The seminar touched on a couple of techniques designed to increase reading speed. One of the biggest problems is that our eyes sometimes fixate on or skip back to a word we have already read. “These mechanical issues slow us down, and working to reduce these issues would in itself increase our reading speed,” explains the SCRS’s reading skills website.
“You have to guide your eyes with something to keep from fixating on words [ ] try using a finger or pen to force your eyes to move more quickly,” Wandler suggested.
“Dropping small words is key. You don’t have time for them.”
She also suggested not stopping to think in the middle of a paragraph. “Have specific times you stop to think: in a difficult text, every paragraph, in a less difficult one, every page or every section,” she said.
Wandler recognized that these methods are not always welcomed with open arms. “It takes a leap of faith to try this out,” she admitted. “We’ve been so married to the way we read for so long, it’s hard to try it a different way and think we can make sense of the text by doing it.”
As for concerns about weakened comprehension, Wandler said students need not be worried. “Speed-reading will help you with your concentration because it challenges you to read at a pace where you have to stay focused,” Wandler said.
She maintained that speed-reading works, and that anyone is capable of it with a little practice.
Working on these techniques with a practice text 10 minutes a day for two weeks will result in improved comprehension and speed, according to the SCRS website.

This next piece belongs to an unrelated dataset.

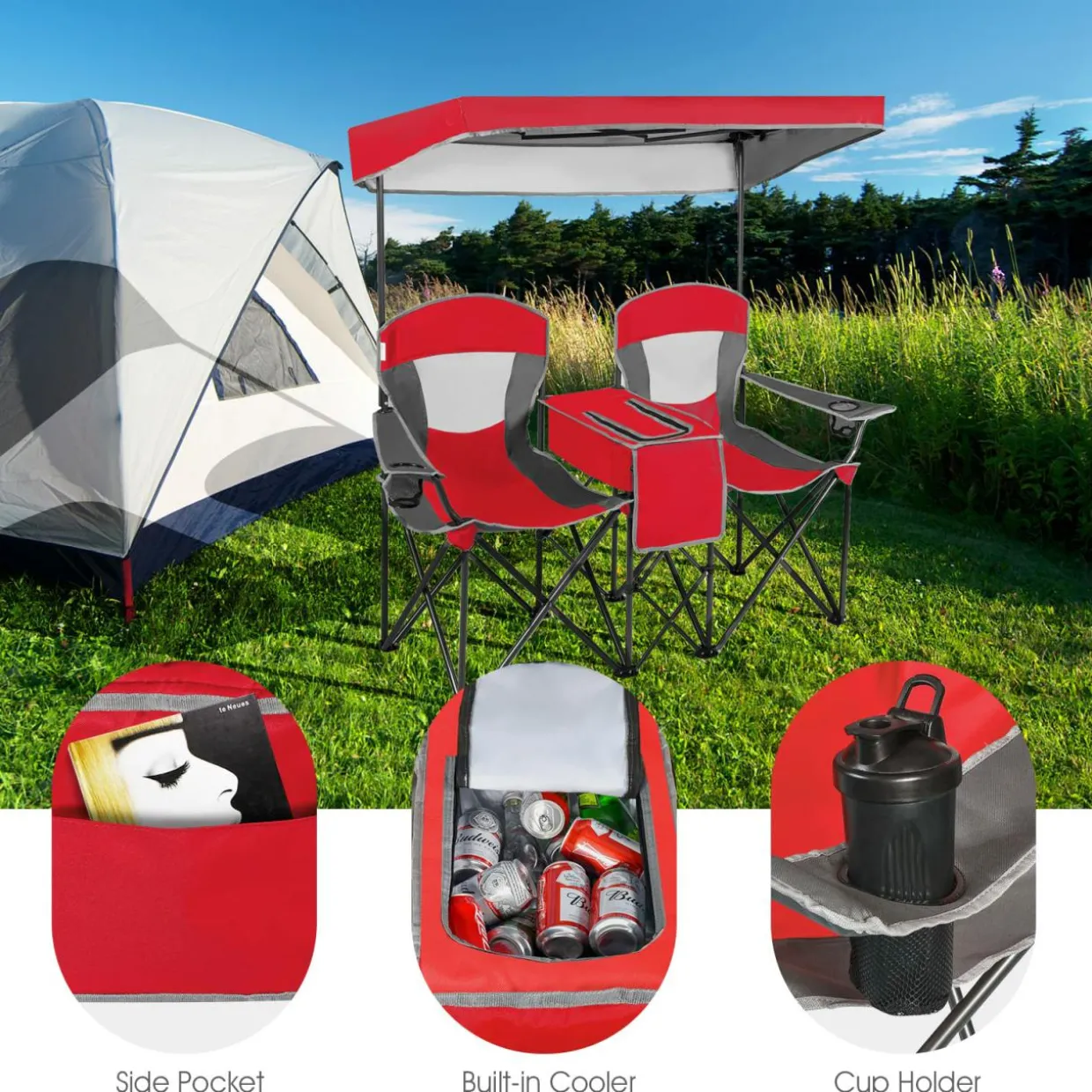 Tangkula Loveseat Camping Chair with Adjustable Shade Canopy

More than 110 students showed up for the lesson. The enrollment limit was originally 35, but a computer glitch kept allowing more people to sign up. Demand was so high it forced a last minute change in location from the SCRS building to a large chemistry auditorium.
Wandler said the class has “always been something that a lot of students attend.”
Attendees left feeling optimistic.
“I’ve always been interested in improving my speed. I knew I was a bit below average,” said David Berger, a first-year in the College.
Other attendees had more utilitarian reasons for coming. “I’ve got too much reading for the time I have, and I’d like to be able to make that better,” said Thomas Bullock, a second-year in the College.
Berger beamed as his reading speed rose from 212 to 454 wpm after incorporating the workshop techniques. Bullock was somewhat more cautious in his assessment. “I don’t know if today helped, but I think the methods, if I keep trying to do them, have some advantages,” he said.
Wandler isn’t surprised by these results. “If they’re a slow reader, they might double their reading speed,” she said.
She stressed, however, that speed-reading is not a cure-all technique for overworked students. “People want to know if it works for Organic Chemistry. No, it doesn’t,” she said. “It’s good for Hum and Social Sciences texts, or something that’s low priority for you.”